[Short web captions]
Start of Block
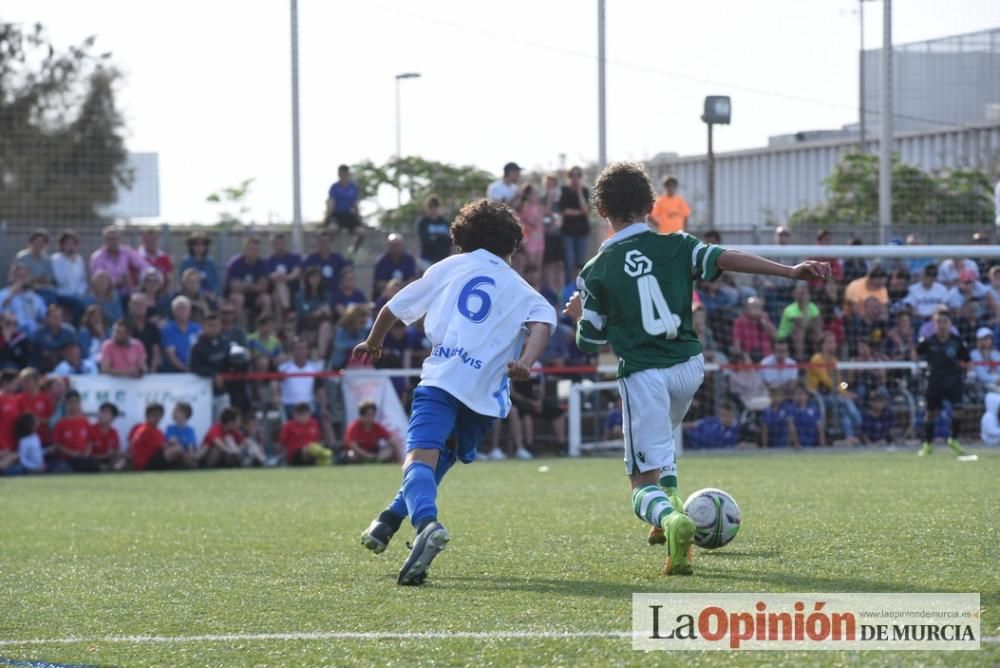 Final y trofeos Torneo Ciudad de Murcia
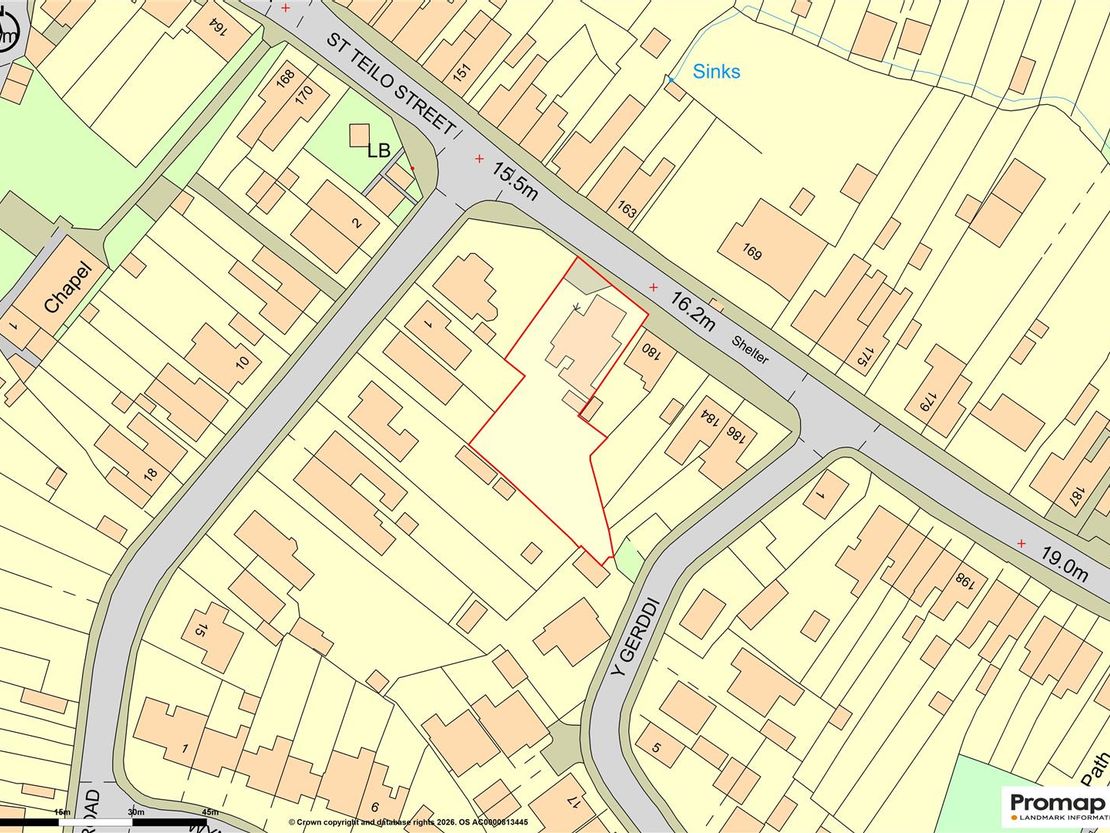 St Teilo Street, Pontardulais, Swansea
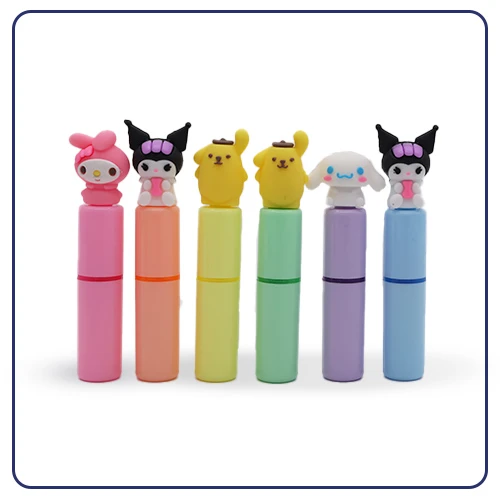 Set de Resaltadores 6 Piezas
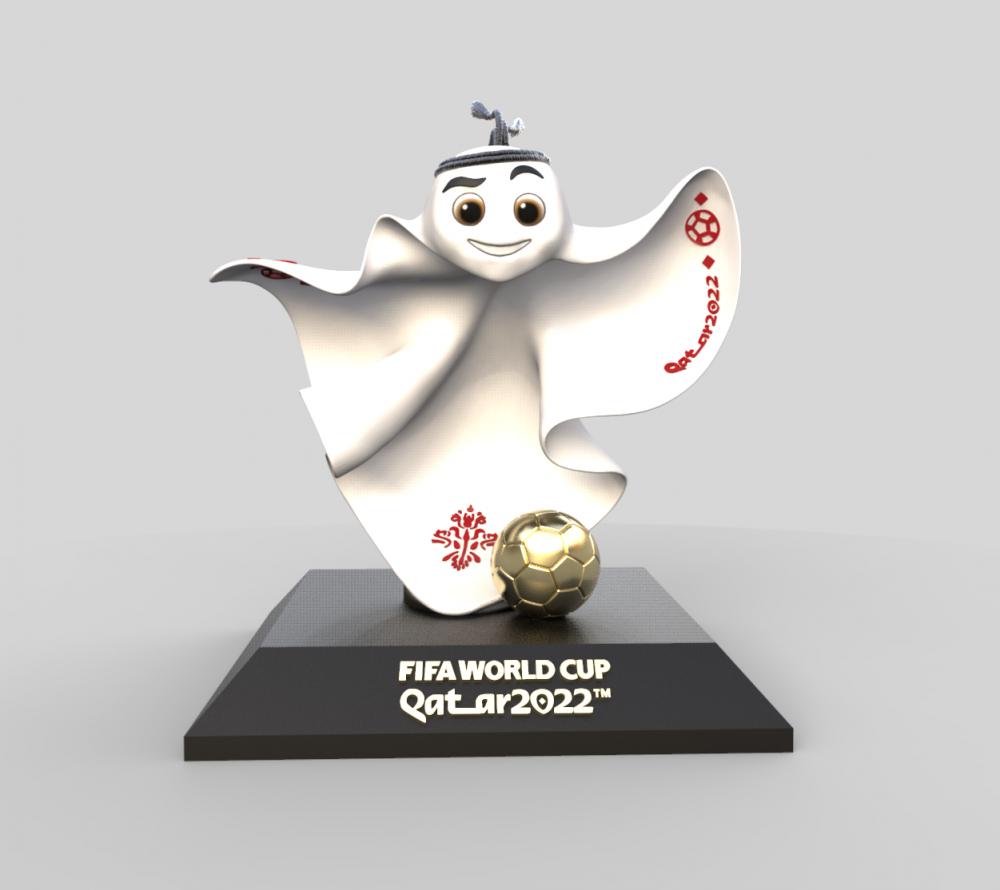 卡塔尔世界杯吉祥物-拉伊卜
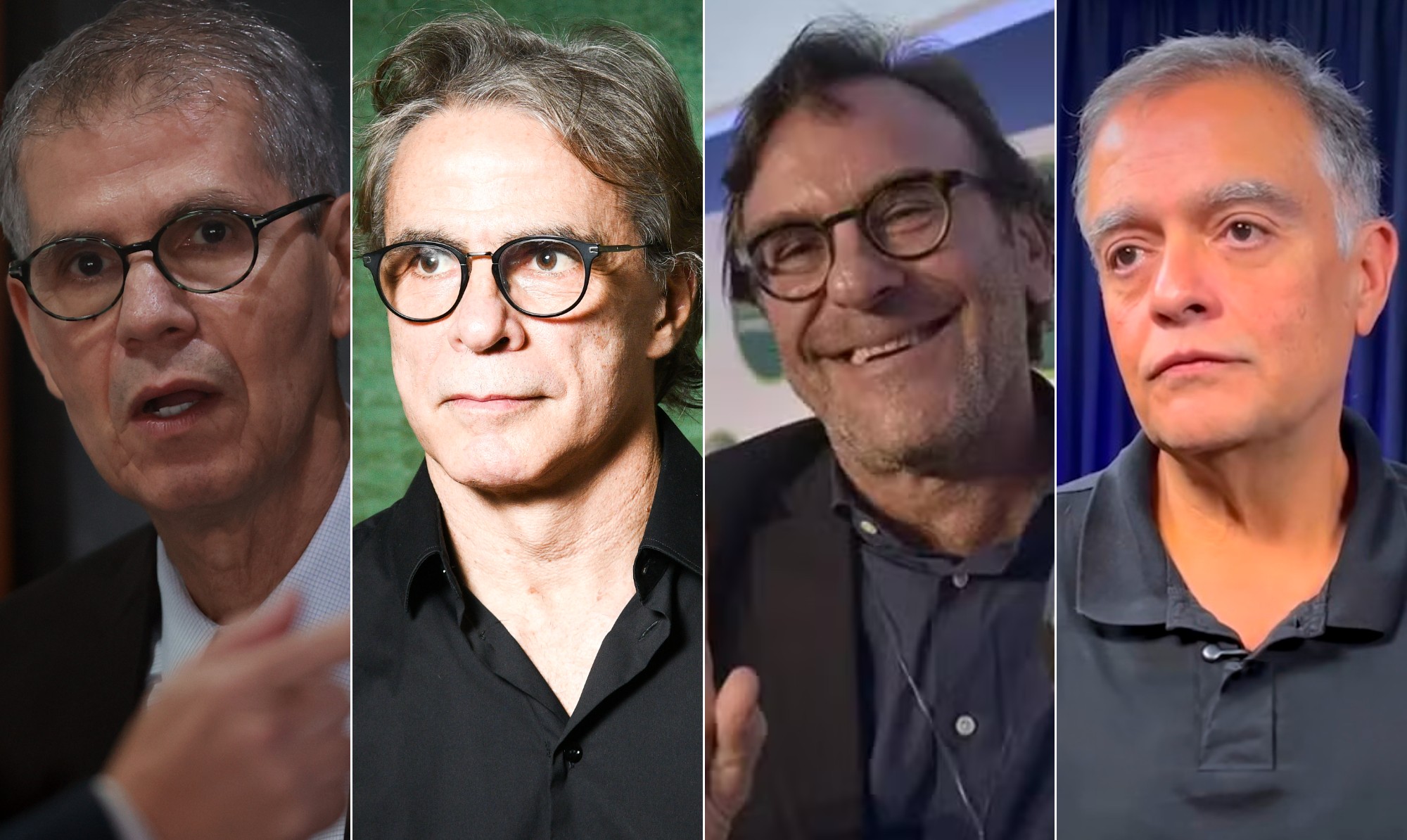 Estilos opostos e visões de mundo distintas moldam marqueteiros dos presidenciáveis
End of Block
What the exercise asks » When you return the records, keep every word unchanged and drop the pictures.

Answer to this task »
 Final y trofeos Torneo Ciudad de Murcia
 St Teilo Street, Pontardulais, Swansea
 Set de Resaltadores 6 Piezas
 卡塔尔世界杯吉祥物-拉伊卜
 Estilos opostos e visões de mundo distintas moldam marqueteiros dos presidenciáveis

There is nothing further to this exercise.